Adobe has recently rolled out a new security update that addresses 30 vulnerabilities present in various products. This update includes critical bugs in ColdFusion versions 2025, 2023, and 2021 that have the potential to cause arbitrary file read and code execution. The security update encompasses patches for issues that could lead to code execution, arbitrary access to the file system, memory leaks, and other security risks.
The extensive Adobe security update covers multiple products such as ColdFusion, After Effects, Media Encoder, Premiere Pro, Photoshop, Animate, FrameMaker, Experience Manager (AEM), Adobe Commerce, Magento Open Source, and Adobe Bridge.
Among the notable highlights of this security update is the critical patch for ColdFusion, a widely used web application development platform by Adobe. Vulnerabilities in ColdFusion versions 2025, 2023, and 2021 have been addressed, including 11 critical vulnerabilities that could result in arbitrary code execution and unauthorized file system access.

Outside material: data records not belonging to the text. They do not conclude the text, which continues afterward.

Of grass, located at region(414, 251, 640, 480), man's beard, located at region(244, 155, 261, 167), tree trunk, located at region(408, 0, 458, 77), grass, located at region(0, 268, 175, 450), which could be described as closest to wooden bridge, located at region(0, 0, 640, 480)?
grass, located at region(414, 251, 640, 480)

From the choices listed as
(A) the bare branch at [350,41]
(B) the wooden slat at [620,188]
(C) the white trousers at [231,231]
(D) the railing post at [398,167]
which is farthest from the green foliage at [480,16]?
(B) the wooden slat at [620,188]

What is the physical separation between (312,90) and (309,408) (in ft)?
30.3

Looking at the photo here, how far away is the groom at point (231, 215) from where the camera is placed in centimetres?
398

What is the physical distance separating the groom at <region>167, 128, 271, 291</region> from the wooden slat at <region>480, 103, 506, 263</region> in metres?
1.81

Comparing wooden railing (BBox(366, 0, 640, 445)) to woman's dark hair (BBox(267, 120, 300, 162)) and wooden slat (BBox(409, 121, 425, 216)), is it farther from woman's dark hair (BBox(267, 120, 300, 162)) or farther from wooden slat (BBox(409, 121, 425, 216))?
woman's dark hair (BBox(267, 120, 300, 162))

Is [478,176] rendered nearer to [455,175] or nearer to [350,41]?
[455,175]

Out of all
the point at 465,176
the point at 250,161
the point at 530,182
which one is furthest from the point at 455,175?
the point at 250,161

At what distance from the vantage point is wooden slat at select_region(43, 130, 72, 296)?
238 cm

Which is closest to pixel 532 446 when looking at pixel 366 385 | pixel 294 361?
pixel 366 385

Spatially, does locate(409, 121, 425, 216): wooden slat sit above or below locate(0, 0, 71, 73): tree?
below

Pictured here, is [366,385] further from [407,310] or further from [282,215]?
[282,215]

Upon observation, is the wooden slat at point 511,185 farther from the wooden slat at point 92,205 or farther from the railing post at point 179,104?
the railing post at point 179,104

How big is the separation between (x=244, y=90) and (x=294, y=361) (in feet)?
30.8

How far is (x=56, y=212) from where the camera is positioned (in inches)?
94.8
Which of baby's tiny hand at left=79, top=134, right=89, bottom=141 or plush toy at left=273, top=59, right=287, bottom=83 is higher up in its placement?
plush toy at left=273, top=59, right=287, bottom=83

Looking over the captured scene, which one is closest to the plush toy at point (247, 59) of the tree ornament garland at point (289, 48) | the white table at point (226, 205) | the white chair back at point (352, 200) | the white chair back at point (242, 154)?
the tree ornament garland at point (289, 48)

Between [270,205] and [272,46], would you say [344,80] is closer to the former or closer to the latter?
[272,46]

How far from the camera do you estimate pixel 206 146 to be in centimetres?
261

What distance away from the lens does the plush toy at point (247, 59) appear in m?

Specific issues reported in ColdFusion versions include arbitrary file system read (CVE-2025-24446 and CVE-2025-30281), arbitrary code execution (CVE-2025-24447 and CVE-2025-30282), and security feature bypass (CVE-2025-30288 and CVE-2025-30290), all classified as critical. Adobe strongly recommends users to update to the latest versions to mitigate the risks associated with these vulnerabilities.
In addition to ColdFusion, Adobe has released security updates for After Effects and Media Encoder. After Effects received patches for vulnerabilities in versions 24.6.4 and earlier that could lead to arbitrary code execution. Users are advised to update to After Effects 24.6.5 or After Effects 25.2 to address these issues.

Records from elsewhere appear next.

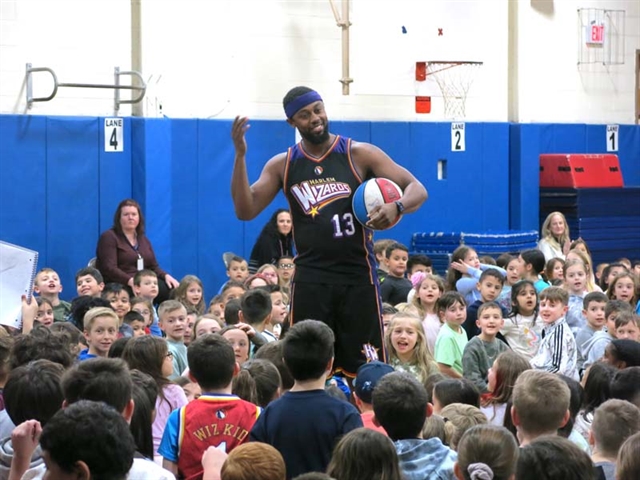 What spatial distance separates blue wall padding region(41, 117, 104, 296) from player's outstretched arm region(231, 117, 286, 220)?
22.7 ft

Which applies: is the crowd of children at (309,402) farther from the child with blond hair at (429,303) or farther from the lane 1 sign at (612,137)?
the lane 1 sign at (612,137)

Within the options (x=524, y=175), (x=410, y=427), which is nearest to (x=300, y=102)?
(x=410, y=427)

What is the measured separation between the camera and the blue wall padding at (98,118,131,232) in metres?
13.9

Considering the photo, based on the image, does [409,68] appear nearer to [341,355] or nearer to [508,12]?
[508,12]

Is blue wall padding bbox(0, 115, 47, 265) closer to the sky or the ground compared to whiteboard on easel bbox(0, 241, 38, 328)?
closer to the sky

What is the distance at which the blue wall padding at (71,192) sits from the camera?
13469 mm

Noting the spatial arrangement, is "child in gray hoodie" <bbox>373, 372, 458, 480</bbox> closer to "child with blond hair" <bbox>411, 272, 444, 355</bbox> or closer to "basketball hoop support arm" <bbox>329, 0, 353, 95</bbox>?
"child with blond hair" <bbox>411, 272, 444, 355</bbox>

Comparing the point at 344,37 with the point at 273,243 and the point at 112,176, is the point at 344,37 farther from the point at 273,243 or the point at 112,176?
the point at 112,176

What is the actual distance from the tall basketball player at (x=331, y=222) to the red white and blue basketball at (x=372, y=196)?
0.11 m

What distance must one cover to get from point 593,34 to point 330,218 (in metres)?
12.8

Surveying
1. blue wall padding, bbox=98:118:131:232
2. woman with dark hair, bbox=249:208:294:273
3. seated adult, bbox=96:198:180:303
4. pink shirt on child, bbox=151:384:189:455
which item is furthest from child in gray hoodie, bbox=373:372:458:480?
blue wall padding, bbox=98:118:131:232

Similarly, vulnerabilities in Adobe Media Encoder that could allow attackers to execute arbitrary code and compromise the host system have been patched. Users of Adobe Media Encoder should update to versions 24.6.5 or 25.2.
Adobe’s security update also covers critical vulnerabilities in Adobe Premiere Pro and Photoshop. Premiere Pro versions 25.1 and earlier, as well as 24.6.4 and earlier, were found to have vulnerabilities leading to arbitrary code execution. It is recommended to update to Premiere Pro 25.2 or Premiere Pro 24.6.5 to mitigate these risks.
For Photoshop versions 2025 and 2024, updates to versions 26.5 and 25.12.2 are advised to address vulnerabilities related to arbitrary code execution. Users are urged to apply these updates promptly to avoid exploitation.
Additionally, Adobe has released security patches for other creative tools such as Adobe Animate, FrameMaker, and XMP Toolkit SDK. Updates for these products should be installed as soon as possible to prevent any potential security threats.
Furthermore, Adobe has addressed security concerns for Adobe Experience Manager (AEM) products, including AEM Forms on JEE and AEM Screens. Vulnerabilities in these tools could lead to security feature bypass or arbitrary code execution. Users are recommended to update to the latest versions to mitigate these security vulnerabilities.
For AEM Forms on JEE and AEM Screens, specific versions have been identified for updates to ensure maximum security. Users should update to the recommended versions to enhance the security of their systems.
In conclusion, the latest Adobe security update aims to close critical vulnerabilities present in various products, ensuring the safety and security of users. It is crucial for users to apply these updates promptly to safeguard their systems from potential threats.